YouTube Transcript API
This is a Python API that allows you to retrieve transcripts and subtitles for a given YouTube video. It supports both manually created and automatically generated subtitles, as well as subtitle translation. Unlike older solutions, it does not require a headless browser. The library is actively maintained, currently at version 1.2.4, and receives regular updates to address YouTube's API changes.
Warnings
- breaking The static methods `YouTubeTranscriptApi.get_transcript`, `YouTubeTranscriptApi.get_transcripts`, and `YouTubeTranscriptApi.list_transcripts` were removed in `v1.2.0`. These methods were previously deprecated in `v1.0.0`.
- breaking In `v1.1.0`, the library refactored caption retrieval from scraping the `/watch` HTML to fetching from the Innertube API. This change initially did not support authentication, potentially causing issues for users relying on authenticated requests.
- gotcha YouTube frequently blocks requests from known cloud provider IPs or if a high volume of requests originates from a single IP. This can lead to `IpBlocked` exceptions.
- gotcha Ensure you pass only the YouTube video ID, not the full video URL, to the API methods. For example, for `https://www.youtube.com/watch?v=VIDEO_ID`, the video ID is `VIDEO_ID`.
- gotcha If you encounter `NoTranscriptFound` or `TranscriptsDisabled` exceptions, it means the video either genuinely lacks captions or has them explicitly turned off by the uploader. Some automatically generated captions may also not be available.
Install
-
pip install youtube-transcript-api
Imports
- YouTubeTranscriptApi
from youtube_transcript_api import YouTubeTranscriptApi
- NoTranscriptFound
from youtube_transcript_api import NoTranscriptFound
- TranscriptsDisabled
from youtube_transcript_api import TranscriptsDisabled
- NoManualTranscriptFound
from youtube_transcript_api import NoManualTranscriptFound
- IpBlocked
from youtube_transcript_api import IpBlocked
Quickstart
from youtube_transcript_api import YouTubeTranscriptApi, NoTranscriptFound, TranscriptsDisabled, IpBlocked
video_id = "_dQ8wY76uI8" # Example: 'Never Gonna Give You Up' by Rick Astley
try:
# Instantiate the API client
ytt_api = YouTubeTranscriptApi()
# Fetch the transcript for the video
# By default, it attempts to get English. You can specify languages=['de', 'en'] for priority.

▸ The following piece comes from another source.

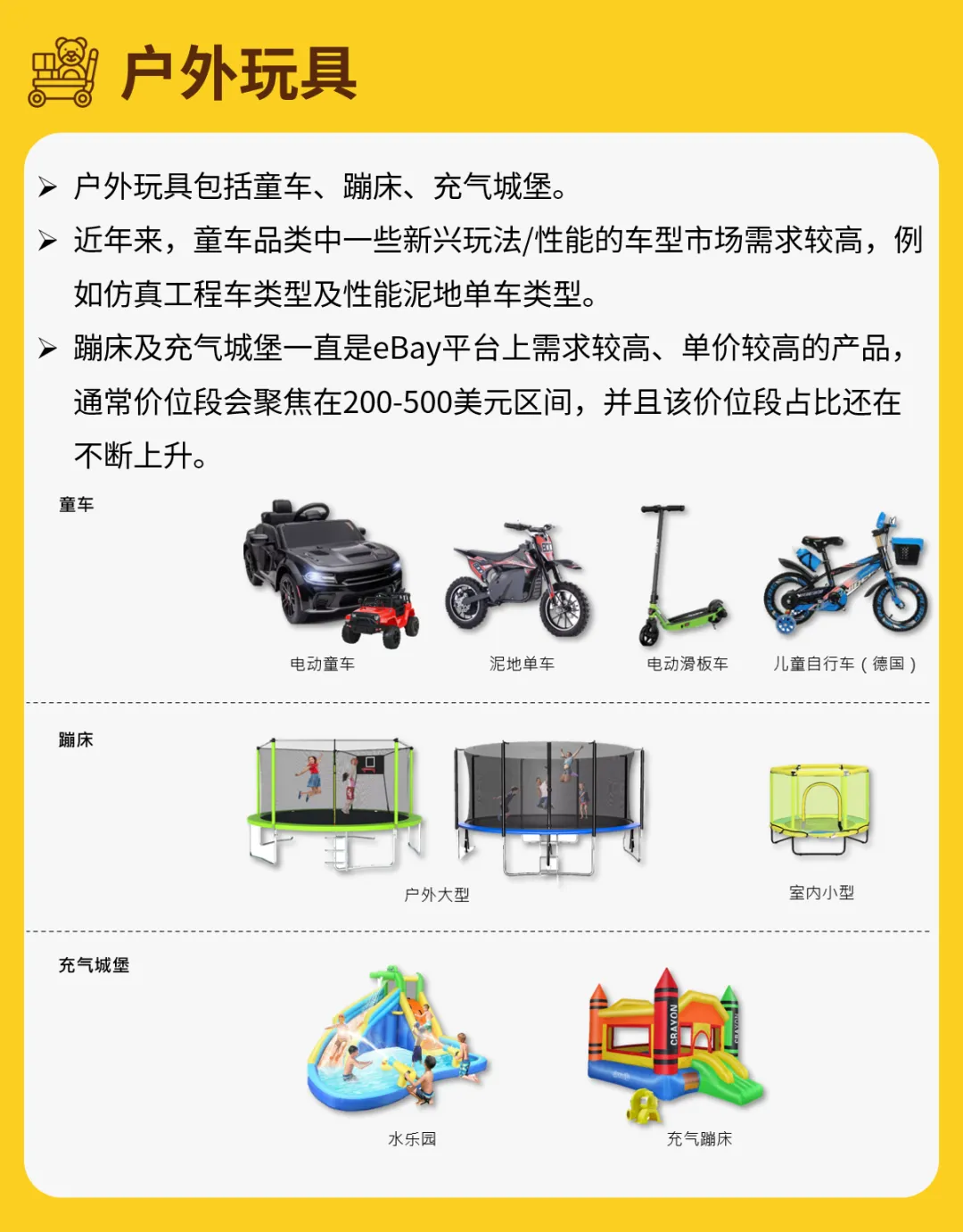 挖掘千亿美元蓝海市场!这个品类增速快,机会多!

transcript = ytt_api.fetch(video_id)
# Print the full transcript text
full_text = " ".join([item['text'] for item in transcript])
print(f"Transcript for video ID {video_id}:\n{full_text[:500]}...")
# You can also list available transcripts and their languages
# transcript_list = ytt_api.list_transcripts(video_id)
# for t in transcript_list:
# print(f"Available transcript: {t.language} ({'generated' if t.is_generated else 'manual'})")
except NoTranscriptFound:
print(f"No transcript found for video ID: {video_id}")
except TranscriptsDisabled:
print(f"Transcripts are disabled for video ID: {video_id}")
except IpBlocked:
print(f"Your IP was blocked by YouTube. Consider using a proxy.")
except Exception as e:
print(f"An unexpected error occurred: {e}")